Perform image editing with Qwen-Image from the command line (AMD GPU/CPU compatible)

この記事は約7分で読めます。
スポンサーリンク

Things I want to do

Use stable-diffusion.cpp to perform Qwen-Image image editing from the command line.

This image editing feature is apparently comparable to Google’s NanoBanana.

It can run on both AMD GPUs and CPUs.

スポンサーリンク

Environment setup

stable-diffusion.cpp

Download the appropriate Zip file for your environment from the following page.

Releases · leejet/stable-diffusion.cpp
Diffusion model(SD,Flux,Wan,Qwen Image,Z-Image,...) inference in pure C/C++ - leejet/stable-diffusion.cpp

If you want to run it on an AMD GPU, you need something with ‘vulkan’ or ‘rocm’ in its name.

(Basically, Vulkan should be fine. ROCM will likely have limitations on which GPUs can be used.)

This applies to NVidia GPUs with ‘CUDA’ in their name.
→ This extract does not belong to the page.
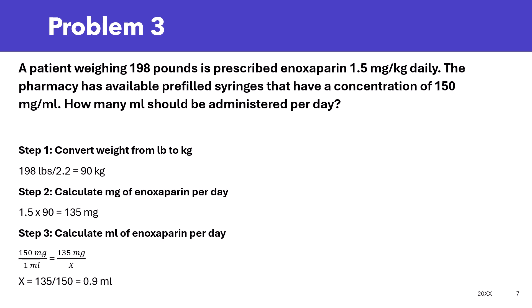What is the first step? You know it — we need to convert the weight from pounds to kg. So it's going to be 198 divided by 2.2, that's 90 kg. Next, the next step would be to calculate how many mg of enoxaparin needed per day. We know it's 1.5 mg per kg per day, so if we multiply 1.5 by 90, that's going to give us 135 mg per day.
AVX512, AVX2, AVX, and NOAVX are CPU-based. Please check which AVX version is compatible with your CPU and download it. (I was mistaken, but it seems AMD CPUs can also use AVX. It’s easiest to ask an AI which version is compatible.)

Once you’ve extracted the downloaded file to a folder of your choice, you’re ready to go.

Model

Please download the three models one by one from the following pages.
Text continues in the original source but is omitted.